If we feel so safe from our jihadi enemies now, we are free to ban types of questioning--as we always have done--without defining them as torture.

So why this lengthy attempt to define what we did to a few very bad guys as "torture" rather than simply push to ban that type of coercion?

It's almost like the objective isn't to stop torture but is to harm our ability to defend ourselves.

And as long as I am at it, it is wrong to say that actual torture doesn't work. It does.

That wrong statement takes a related truism--that routine torture of people swept up in dragnets is less than worthless because people who know nothing will confess to anything to stop the torture--and misapplies it as a general rule.

It is not the same as saying that torturing someone who you believe knows something because of other evidence will not work. That does work.

UPDATE: Note that this is not to say that we didn't do things that in retrospect we shouldn't have done. We can correct such mistakes going forward. But we didn't know an awful lot about our enemy at the time and didn't even have a handle on the scope of what we didn't know. It is war. Stuff happens.

Stuff happened in the "good war" of World War II, truth be told. But we did not publicize it at the time. Have some confidence that we are better than our enemies and deserve to win even if we went too far in some cases, and try not to do their work of making us seem no better than them.

More important thoughts.

UPDATE: More.

UPDATE: And, of course, the smart diplomacy angle:

One key concern was that the report’s details could burn bridges with allies, in particular those that cooperated with the US by hosting “black sites” for terror suspect interrogation. ...

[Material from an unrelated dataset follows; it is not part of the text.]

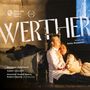 Jules Massenet: Werther, 2 Super Audio CDs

Another worry was that the report’s revelations of past misdeeds could dampen allies’ willingness to cooperate with the US now in the fight to “degrade and destroy” the Islamic State.

Ya think? Allies might worry that help now deemed good will in the future be a reason to condemn them when the situation changes?

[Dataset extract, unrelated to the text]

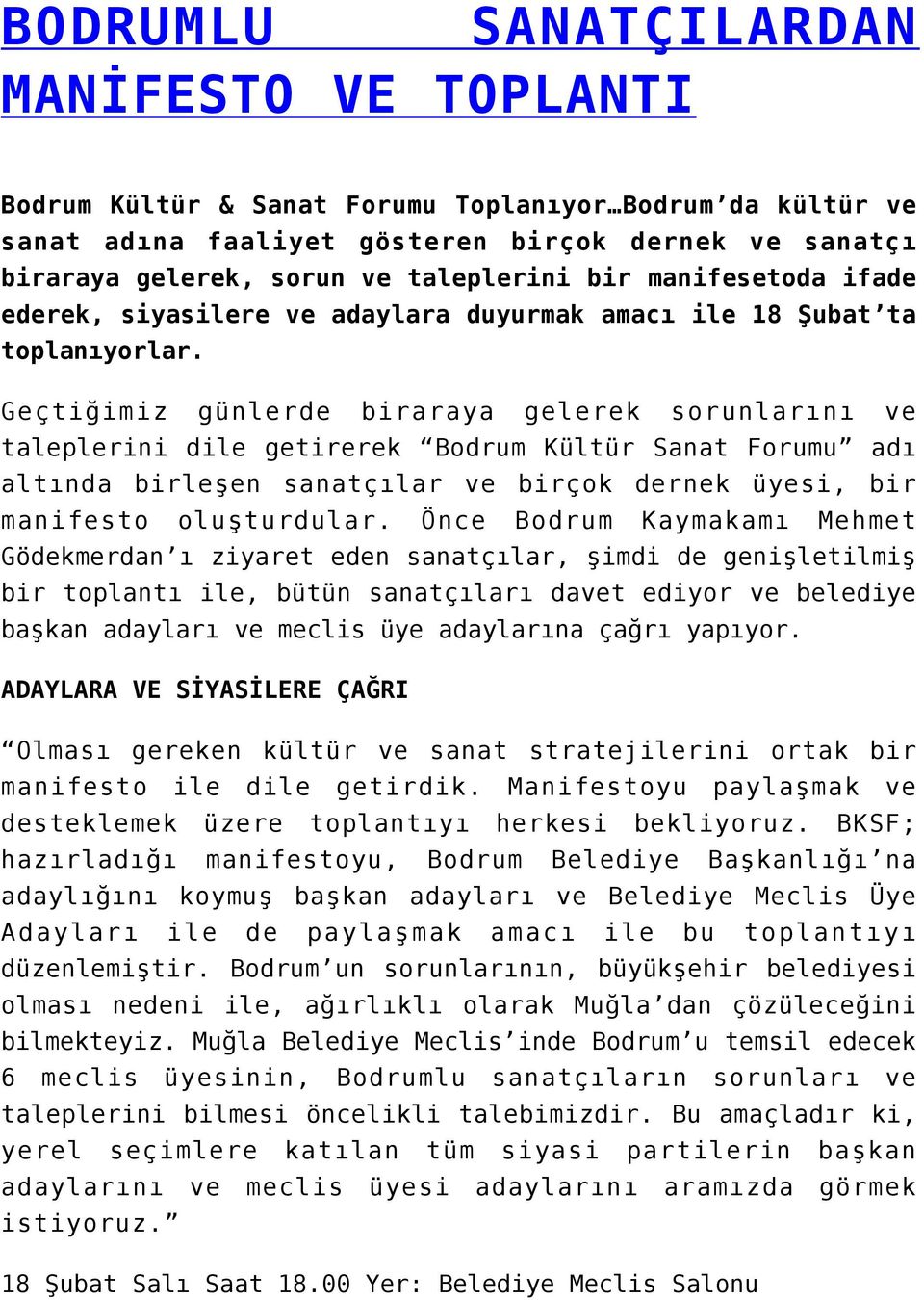 Geçtiğimiz günlerde biraraya gelerek sorunlarını ve taleplerini dile getirerek Bodrum Kültür Sanat Forumu adı altında birleşen sanatçılar ve birçok dernek üyesi, bir manifesto oluşturdular.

I guess our allies will have pray for hope and change: they have to hope we don't change our mind, eh?

UPDATE: More on the issue.

To be clear, I don't think terrorist captives "deserve" to be subject to harsh measures, whether or not you believe those measures rise to the level of torture.

And it is wrong to treat prisoners that poorly as simply a condition of their captivity for no other purpose than to be cruel. That is wrong and counter-productive.

Although I'd like to know why any such behavior on our part didn't prompt anguished self-loathing amongst our foes about "why do they hate us?"

But in rare cases where we believe from other information that a captive has information that is vital to know to save innocent lives, I am willing to resort to it.

If our government truly believes that the level of threat is so much reduced from those post-9/11 days that we don't need to resort to extreme interrogation methods, simply say so and restrict our methods to a scale appropriate to the current threat.

And subjecting our people and our allies to retaliation years after these measures were deemed necessary and legal by our government, our opposition legislators, and our allies, is plain stupid.